How to Block AI Agents from Sensitive Files

Your development machine is full of sensitive files. API keys in .env. SSH private keys in ~/.ssh. AWS credentials in ~/.aws. npm tokens in .npmrc. When you give an AI agent write access to your file system, every one of these files is one miscalibrated action away from exposure.

Clawdbot leaked 1.5 million API keys in under a month. The path from "AI agent with file access" to "credentials exposed" is shorter than most people realize.

SafeClaw provides action-level gating for AI agents, including granular file write controls.
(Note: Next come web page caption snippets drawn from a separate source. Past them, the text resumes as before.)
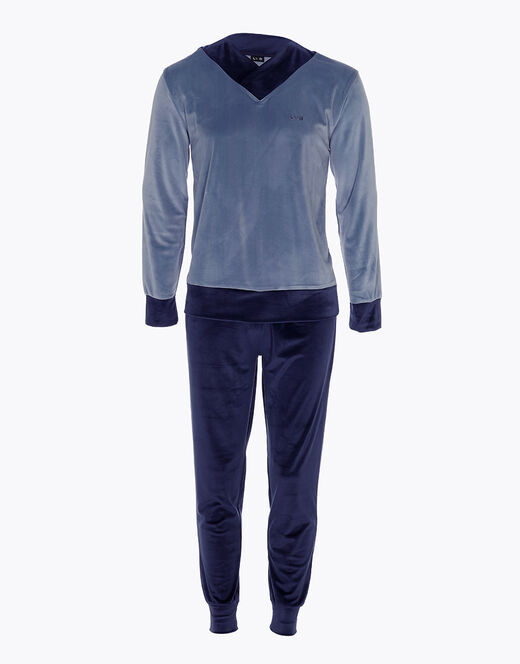 Lovable Pigiama lungo in ciniglia, blu polvere e blu navy Shopping Online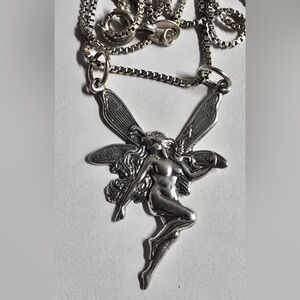 Sterling Silver Art Nouveau Fairy Pendant With 24in Box Chain Necklace
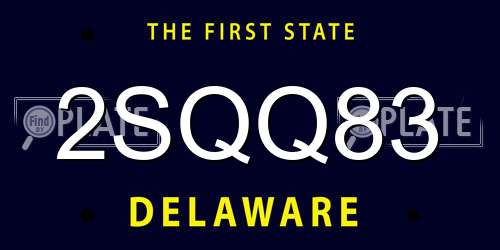 2SQQ83 Delaware License Plate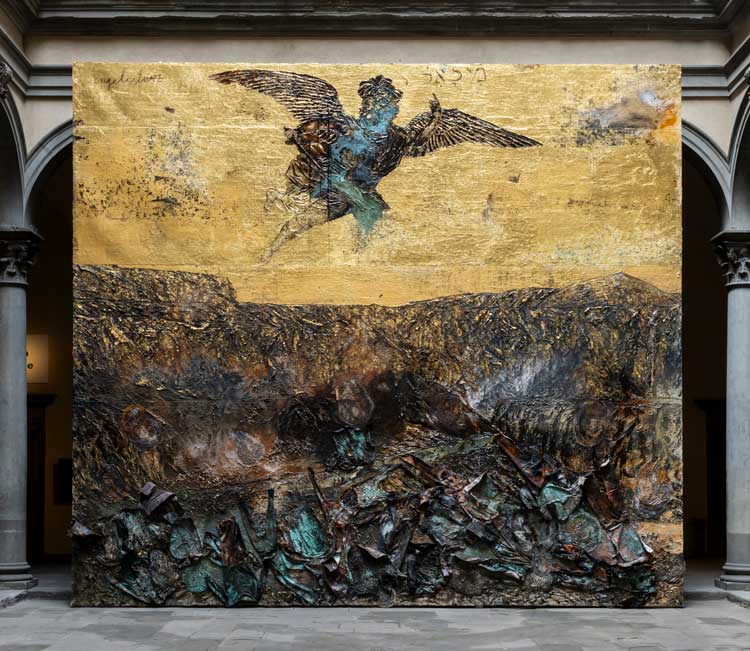Anselm Kiefer, Engelssturz (Fall of the Angel), 2022–23. Emulsion, oil, acrylic, shellac, gold leaf, fabric, sediment of electrolysis and charcoal on canvas, 750 × 840 cm. Photo: © Ela Bialkowska, OKNO studio.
This guide identifies the sensitive files on your machine and provides concrete SafeClaw rules to deny access to each one.

Why AI Agents Access Sensitive Files

AI agents do not deliberately seek out your credentials. But they do things like:

Create .env files with placeholder values, potentially overwriting your real secrets
Modify config files that contain embedded credentials
Write to home directory locations where credential files live
Copy or move files as part of project restructuring, inadvertently including sensitive paths

The agent is trying to help. The result can still be catastrophic. A single file write to the wrong path can expose credentials, corrupt key material, or invalidate authentication tokens.

The Complete List of Sensitive Files

Here is every file and directory you should protect, organized by category.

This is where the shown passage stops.